TASK TO COMPLETE: Copy exactly, and only, the lines from the one with "Moderne Lemon Garden" to the end of the listing; omit pictures.

RECORDED INFORMATION:
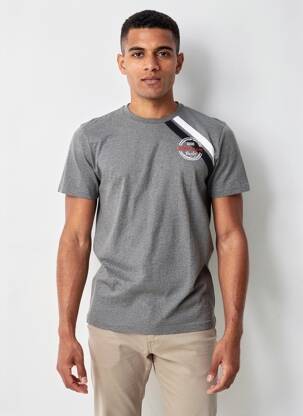 T-shirt broderie manches courtes gris CAMBERABERO homme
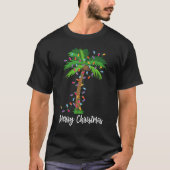 Frohe Weihnachtsbeleuchtung Palm Tree Beach Xmas P T-Shirt (Vorderseite)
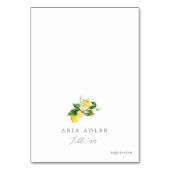 Moderne Lemon Garden Menü Option Platzkarten Tischnummer (Vorderseite)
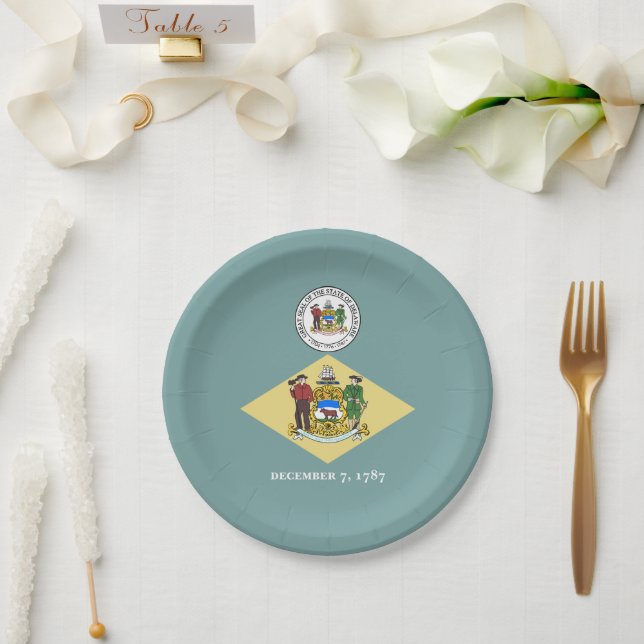 Plato De Papel Bandera y Sello de Delawarean, Delaware (Boda)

RESPONSE TO THE EXERCISE:
 Moderne Lemon Garden Menü Option Platzkarten Tischnummer (Vorderseite)
 Plato De Papel Bandera y Sello de Delawarean, Delaware (Boda)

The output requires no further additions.